An important moment in the history — and future — of research at Emory University occurred Wednesday afternoon when a ribbon-cutting ceremony was held for the new Health Sciences Research Building II, the largest facility of its kind in Georgia.
Already widely regarded as one of the world’s top research institutions, Emory broke ground on the Health Sciences Research Building II (HSRB-II) in 2019 to further advance its medical research by creating a cutting-edge space that fosters the collaboration between researchers working to solve the most complex problems of human health.
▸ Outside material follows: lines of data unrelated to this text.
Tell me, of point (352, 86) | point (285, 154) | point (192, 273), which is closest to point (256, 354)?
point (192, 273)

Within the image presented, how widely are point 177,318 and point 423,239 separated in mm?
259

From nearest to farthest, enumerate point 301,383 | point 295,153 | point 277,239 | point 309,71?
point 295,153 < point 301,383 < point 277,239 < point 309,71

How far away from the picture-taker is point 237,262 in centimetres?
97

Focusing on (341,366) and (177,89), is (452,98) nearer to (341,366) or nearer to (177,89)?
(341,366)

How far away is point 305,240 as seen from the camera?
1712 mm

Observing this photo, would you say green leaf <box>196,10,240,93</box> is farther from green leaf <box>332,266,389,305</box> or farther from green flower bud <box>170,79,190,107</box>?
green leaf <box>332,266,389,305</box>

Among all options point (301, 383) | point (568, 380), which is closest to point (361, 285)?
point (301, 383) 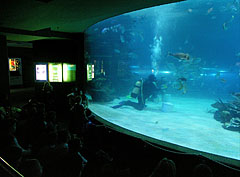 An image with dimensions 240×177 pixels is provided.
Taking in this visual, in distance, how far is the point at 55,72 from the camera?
11.6 meters

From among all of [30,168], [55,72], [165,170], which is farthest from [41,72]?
[165,170]

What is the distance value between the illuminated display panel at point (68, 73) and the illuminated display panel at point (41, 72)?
1.37 metres

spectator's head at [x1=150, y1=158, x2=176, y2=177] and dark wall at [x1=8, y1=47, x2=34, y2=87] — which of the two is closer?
spectator's head at [x1=150, y1=158, x2=176, y2=177]

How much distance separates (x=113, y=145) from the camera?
4695 millimetres

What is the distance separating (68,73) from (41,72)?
6.09ft

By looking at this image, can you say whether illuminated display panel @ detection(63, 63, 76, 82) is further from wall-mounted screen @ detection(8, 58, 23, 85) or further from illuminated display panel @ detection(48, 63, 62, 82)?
wall-mounted screen @ detection(8, 58, 23, 85)

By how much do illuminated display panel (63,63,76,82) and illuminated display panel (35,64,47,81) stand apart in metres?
1.37

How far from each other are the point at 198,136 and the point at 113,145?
9.91ft

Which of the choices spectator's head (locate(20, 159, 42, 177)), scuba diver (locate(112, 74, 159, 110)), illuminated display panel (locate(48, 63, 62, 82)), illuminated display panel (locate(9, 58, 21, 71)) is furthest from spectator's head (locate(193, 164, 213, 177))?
illuminated display panel (locate(9, 58, 21, 71))

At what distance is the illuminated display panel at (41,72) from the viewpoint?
11.6 metres

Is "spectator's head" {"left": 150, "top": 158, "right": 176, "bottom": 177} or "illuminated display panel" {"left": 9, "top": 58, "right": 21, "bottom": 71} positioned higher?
"illuminated display panel" {"left": 9, "top": 58, "right": 21, "bottom": 71}

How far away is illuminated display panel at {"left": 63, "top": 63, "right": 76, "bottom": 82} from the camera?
37.2 feet

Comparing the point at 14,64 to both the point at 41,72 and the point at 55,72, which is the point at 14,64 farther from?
the point at 55,72

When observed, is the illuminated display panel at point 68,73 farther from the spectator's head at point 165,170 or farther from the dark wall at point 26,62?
the spectator's head at point 165,170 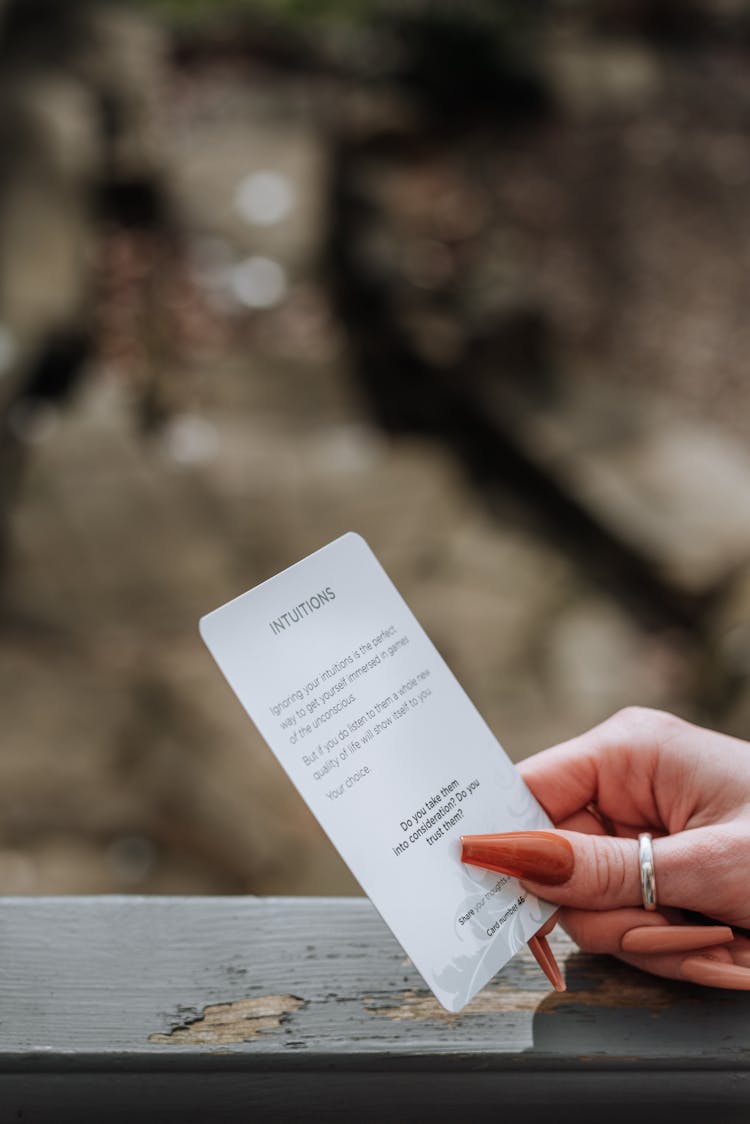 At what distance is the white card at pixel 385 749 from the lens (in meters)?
0.71

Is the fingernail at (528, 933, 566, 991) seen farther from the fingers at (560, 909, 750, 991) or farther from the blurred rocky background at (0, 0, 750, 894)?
the blurred rocky background at (0, 0, 750, 894)

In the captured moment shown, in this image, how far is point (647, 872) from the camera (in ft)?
2.56

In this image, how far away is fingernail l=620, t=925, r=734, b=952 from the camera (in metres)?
0.77

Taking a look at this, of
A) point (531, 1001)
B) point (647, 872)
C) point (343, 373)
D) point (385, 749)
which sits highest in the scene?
point (343, 373)

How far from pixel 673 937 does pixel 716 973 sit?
5 cm

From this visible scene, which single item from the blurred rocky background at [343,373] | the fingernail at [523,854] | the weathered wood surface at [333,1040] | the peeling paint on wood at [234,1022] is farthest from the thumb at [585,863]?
the blurred rocky background at [343,373]

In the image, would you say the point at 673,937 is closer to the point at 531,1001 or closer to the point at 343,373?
the point at 531,1001

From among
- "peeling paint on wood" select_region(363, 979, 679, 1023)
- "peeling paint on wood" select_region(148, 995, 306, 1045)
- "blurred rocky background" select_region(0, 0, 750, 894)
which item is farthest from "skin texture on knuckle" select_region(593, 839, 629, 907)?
"blurred rocky background" select_region(0, 0, 750, 894)

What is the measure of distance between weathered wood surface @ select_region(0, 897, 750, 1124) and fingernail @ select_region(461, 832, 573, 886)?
0.47ft

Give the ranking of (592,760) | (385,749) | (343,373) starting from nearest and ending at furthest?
(385,749) → (592,760) → (343,373)

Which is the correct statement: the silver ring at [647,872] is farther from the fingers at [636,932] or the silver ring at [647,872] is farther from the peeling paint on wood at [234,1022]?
the peeling paint on wood at [234,1022]

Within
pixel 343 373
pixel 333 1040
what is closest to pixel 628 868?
pixel 333 1040

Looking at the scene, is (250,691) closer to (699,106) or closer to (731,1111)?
(731,1111)

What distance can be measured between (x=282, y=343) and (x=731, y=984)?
4144mm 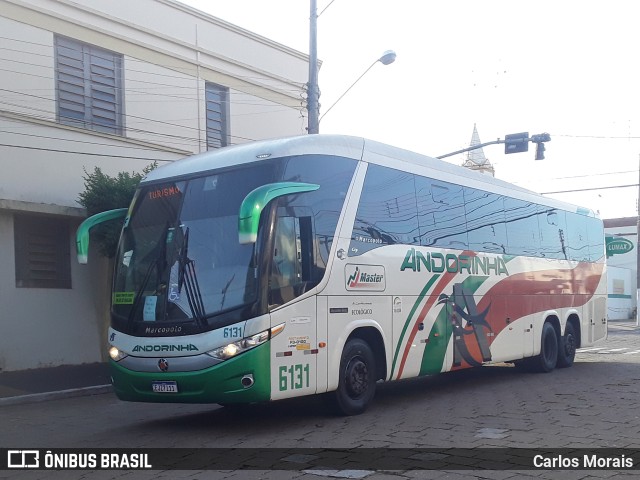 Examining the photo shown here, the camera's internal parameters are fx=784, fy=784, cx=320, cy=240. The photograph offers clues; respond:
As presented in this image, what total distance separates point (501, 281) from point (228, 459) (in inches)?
325

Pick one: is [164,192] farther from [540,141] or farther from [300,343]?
[540,141]

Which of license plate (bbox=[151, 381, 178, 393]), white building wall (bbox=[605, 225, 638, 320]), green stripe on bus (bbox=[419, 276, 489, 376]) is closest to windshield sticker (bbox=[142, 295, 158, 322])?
license plate (bbox=[151, 381, 178, 393])

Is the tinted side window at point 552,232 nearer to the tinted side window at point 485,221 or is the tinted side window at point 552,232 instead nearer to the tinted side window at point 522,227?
the tinted side window at point 522,227

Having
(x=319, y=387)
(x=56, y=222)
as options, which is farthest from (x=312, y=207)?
(x=56, y=222)

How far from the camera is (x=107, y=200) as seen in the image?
16.8 metres

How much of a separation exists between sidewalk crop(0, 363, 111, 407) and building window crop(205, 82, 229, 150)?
7.69 meters

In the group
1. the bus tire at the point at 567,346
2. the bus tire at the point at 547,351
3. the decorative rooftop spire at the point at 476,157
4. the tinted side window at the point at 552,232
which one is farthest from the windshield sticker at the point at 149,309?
the decorative rooftop spire at the point at 476,157

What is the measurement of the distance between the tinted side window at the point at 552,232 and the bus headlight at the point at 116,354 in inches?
387

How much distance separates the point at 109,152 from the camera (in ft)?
61.8

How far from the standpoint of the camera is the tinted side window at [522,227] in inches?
610

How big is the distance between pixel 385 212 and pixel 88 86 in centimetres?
1032

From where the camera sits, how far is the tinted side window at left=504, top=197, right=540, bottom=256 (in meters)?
15.5

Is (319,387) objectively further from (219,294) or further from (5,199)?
(5,199)

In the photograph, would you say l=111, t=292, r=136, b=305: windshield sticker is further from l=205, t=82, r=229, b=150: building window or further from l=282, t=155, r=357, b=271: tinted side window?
l=205, t=82, r=229, b=150: building window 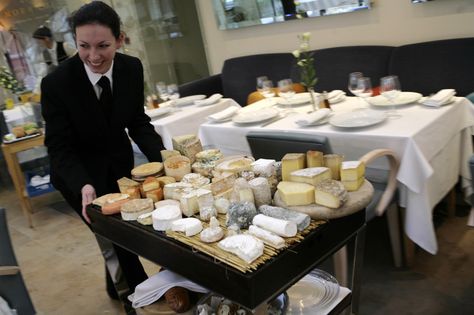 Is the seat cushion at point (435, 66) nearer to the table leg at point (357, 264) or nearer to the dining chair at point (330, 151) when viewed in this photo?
the dining chair at point (330, 151)

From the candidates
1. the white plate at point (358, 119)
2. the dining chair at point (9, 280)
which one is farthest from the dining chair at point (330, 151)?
the dining chair at point (9, 280)

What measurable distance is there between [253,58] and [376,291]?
2927 mm

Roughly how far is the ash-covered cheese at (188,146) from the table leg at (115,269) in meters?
0.44

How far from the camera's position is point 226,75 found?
4.78m

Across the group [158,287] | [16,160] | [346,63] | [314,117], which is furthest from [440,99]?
[16,160]

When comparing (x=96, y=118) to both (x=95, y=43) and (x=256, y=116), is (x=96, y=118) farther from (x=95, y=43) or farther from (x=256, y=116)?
(x=256, y=116)

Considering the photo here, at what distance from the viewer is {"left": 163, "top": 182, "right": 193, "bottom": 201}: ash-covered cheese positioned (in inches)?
53.8

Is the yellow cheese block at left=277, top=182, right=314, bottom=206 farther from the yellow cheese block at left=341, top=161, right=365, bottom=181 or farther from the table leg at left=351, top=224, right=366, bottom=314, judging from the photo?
the table leg at left=351, top=224, right=366, bottom=314

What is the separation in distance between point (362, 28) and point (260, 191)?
2.96 metres

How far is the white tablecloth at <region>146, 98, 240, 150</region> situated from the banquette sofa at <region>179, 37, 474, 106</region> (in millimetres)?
1039

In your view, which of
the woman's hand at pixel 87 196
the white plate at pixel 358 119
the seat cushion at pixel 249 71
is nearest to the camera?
the woman's hand at pixel 87 196

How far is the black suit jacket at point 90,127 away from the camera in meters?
1.74

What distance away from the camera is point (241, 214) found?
3.81ft

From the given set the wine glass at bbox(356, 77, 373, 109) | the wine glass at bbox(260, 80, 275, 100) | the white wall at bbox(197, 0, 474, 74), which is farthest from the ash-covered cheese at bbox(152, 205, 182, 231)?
the white wall at bbox(197, 0, 474, 74)
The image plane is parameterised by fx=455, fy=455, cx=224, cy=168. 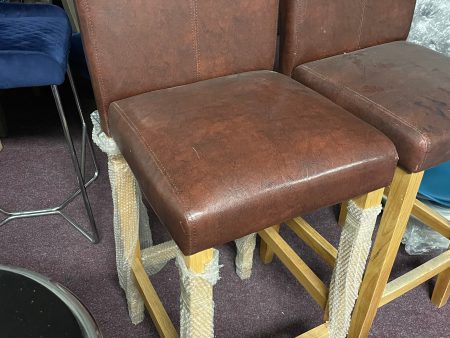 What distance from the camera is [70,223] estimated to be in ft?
4.52

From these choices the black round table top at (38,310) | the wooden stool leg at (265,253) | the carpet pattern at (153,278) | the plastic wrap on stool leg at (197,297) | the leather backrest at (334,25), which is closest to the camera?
the black round table top at (38,310)

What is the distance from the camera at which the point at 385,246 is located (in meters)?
0.87

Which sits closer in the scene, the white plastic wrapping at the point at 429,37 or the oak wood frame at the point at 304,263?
the oak wood frame at the point at 304,263

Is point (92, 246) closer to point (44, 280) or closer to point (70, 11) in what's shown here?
point (44, 280)

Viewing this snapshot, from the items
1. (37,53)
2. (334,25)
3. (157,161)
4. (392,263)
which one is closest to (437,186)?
(392,263)

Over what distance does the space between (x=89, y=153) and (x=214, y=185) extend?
47.1 inches

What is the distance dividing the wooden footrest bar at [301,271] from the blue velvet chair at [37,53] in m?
0.54

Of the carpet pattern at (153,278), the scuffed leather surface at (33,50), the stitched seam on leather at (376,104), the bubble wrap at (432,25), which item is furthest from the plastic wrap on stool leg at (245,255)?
the bubble wrap at (432,25)

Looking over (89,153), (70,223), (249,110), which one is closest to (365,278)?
(249,110)

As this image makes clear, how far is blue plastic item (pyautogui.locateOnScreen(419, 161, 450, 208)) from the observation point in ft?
4.23

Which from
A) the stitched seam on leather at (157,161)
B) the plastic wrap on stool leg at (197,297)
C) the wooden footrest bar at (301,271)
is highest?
the stitched seam on leather at (157,161)

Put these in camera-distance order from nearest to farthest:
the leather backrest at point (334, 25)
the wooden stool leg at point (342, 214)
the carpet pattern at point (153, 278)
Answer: the leather backrest at point (334, 25) < the carpet pattern at point (153, 278) < the wooden stool leg at point (342, 214)

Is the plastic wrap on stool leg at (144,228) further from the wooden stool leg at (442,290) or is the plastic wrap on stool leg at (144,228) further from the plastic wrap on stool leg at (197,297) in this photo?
the wooden stool leg at (442,290)

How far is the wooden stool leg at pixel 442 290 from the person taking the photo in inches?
44.5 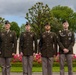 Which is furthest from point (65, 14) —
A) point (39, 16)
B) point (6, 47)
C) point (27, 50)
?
point (6, 47)

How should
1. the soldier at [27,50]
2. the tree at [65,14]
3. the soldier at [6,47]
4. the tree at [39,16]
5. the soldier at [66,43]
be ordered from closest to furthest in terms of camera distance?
1. the soldier at [66,43]
2. the soldier at [6,47]
3. the soldier at [27,50]
4. the tree at [39,16]
5. the tree at [65,14]

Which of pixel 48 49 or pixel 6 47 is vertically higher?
pixel 6 47

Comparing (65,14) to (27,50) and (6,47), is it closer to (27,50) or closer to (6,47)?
(27,50)

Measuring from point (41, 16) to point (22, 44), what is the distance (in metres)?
52.3

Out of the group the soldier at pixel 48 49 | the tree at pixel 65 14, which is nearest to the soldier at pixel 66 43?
the soldier at pixel 48 49

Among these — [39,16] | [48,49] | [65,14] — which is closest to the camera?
[48,49]

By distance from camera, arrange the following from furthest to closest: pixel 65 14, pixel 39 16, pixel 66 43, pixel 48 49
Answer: pixel 65 14
pixel 39 16
pixel 48 49
pixel 66 43

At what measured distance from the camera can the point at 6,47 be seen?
1145cm

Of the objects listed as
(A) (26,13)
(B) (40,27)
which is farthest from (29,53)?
(A) (26,13)

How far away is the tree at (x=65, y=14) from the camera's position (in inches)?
3688

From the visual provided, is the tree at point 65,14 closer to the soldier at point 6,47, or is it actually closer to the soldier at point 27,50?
the soldier at point 27,50

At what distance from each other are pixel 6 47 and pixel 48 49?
1444mm

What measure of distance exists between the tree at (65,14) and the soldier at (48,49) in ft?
268

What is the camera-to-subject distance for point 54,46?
1146 cm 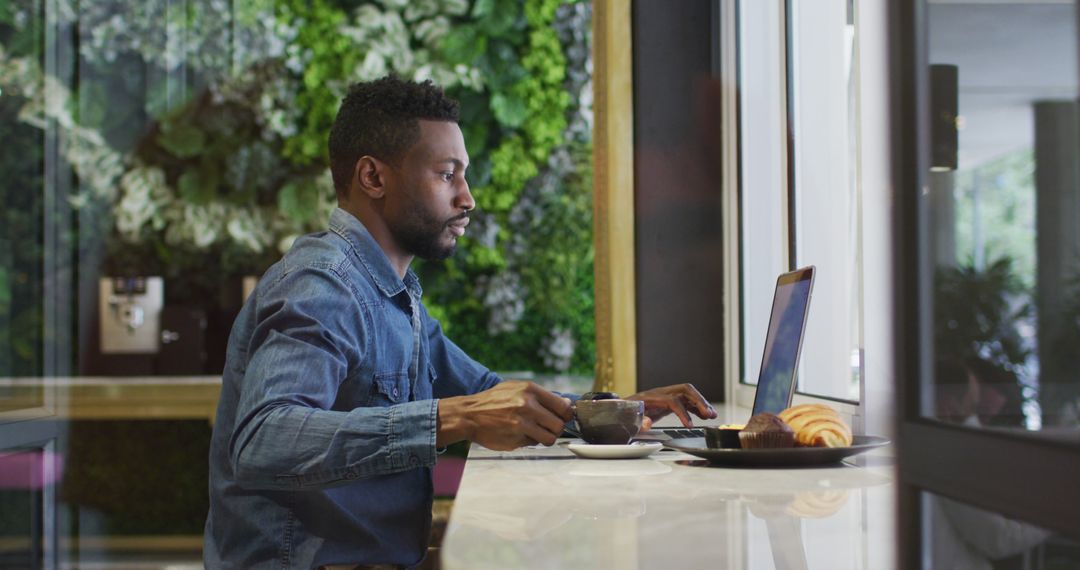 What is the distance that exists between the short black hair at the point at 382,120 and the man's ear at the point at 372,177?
0.05 ft

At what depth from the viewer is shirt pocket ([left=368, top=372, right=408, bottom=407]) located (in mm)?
1551

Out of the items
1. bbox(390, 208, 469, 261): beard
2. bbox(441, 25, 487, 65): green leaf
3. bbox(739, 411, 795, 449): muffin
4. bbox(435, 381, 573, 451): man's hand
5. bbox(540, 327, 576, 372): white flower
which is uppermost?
bbox(441, 25, 487, 65): green leaf

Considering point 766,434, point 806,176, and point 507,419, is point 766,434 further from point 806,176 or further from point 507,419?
point 806,176

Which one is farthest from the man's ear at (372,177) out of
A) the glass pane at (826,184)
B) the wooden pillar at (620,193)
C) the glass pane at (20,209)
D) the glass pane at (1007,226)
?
the glass pane at (20,209)

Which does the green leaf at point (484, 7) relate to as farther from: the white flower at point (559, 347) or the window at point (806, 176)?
the window at point (806, 176)

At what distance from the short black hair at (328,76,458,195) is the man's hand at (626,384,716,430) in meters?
0.58

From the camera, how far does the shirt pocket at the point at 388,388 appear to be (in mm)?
1551

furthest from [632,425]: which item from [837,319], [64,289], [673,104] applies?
[64,289]

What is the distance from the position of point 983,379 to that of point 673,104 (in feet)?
9.09

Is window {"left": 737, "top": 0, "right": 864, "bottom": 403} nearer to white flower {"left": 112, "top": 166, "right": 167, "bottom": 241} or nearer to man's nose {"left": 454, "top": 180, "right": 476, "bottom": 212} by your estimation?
man's nose {"left": 454, "top": 180, "right": 476, "bottom": 212}

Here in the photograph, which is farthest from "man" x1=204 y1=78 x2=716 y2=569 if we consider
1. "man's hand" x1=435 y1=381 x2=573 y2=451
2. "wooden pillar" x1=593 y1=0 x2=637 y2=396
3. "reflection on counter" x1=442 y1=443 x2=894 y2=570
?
"wooden pillar" x1=593 y1=0 x2=637 y2=396

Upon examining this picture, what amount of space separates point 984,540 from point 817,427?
116 centimetres

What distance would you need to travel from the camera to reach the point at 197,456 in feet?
15.3

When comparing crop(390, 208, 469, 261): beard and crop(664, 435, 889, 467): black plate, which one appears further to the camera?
crop(390, 208, 469, 261): beard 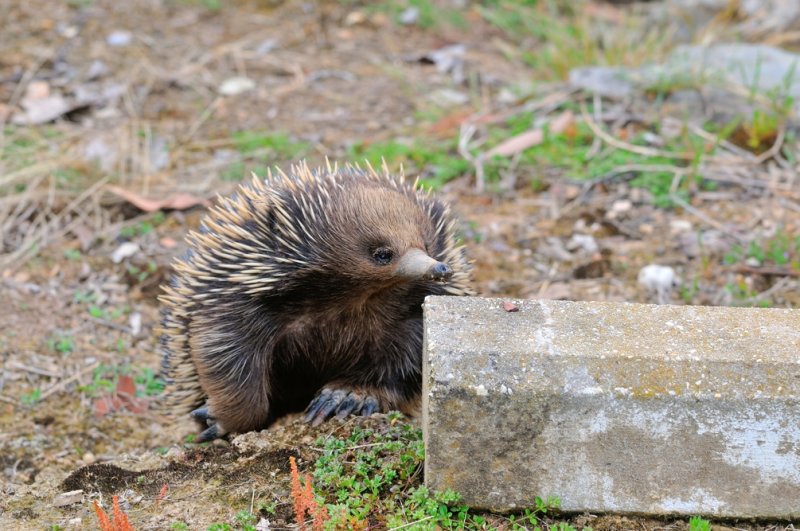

The new eight-story, 350,000-square-foot building will house more than 1,000 researchers, including 130 principal investigators, from a variety of specialties including: pediatrics, biomedical engineering, the Winship Cancer Institute, cardiovascular medicine, the Emory Vaccine Center, radiology and the health of the brain.
“This magnificent facility will play a powerful role in fulfilling Emory’s mission to create, preserve, teach and discover,” said Ravi I. Thadani, MD, MPH, Emory’s executive vice president for health affairs, during the ceremony. “This building will facilitate breakthroughs and discoveries in the health sciences that will transform patient care and serve as a training ground for the next generation of clinicians and researchers.”
The $313 million cost of the project was funded in large part by a $200 million gift from the Robert W. Woodruff Foundation, as part of a total $400 million gift to Emory University in 2018—the largest gift in the history of the 187- the annual -old university.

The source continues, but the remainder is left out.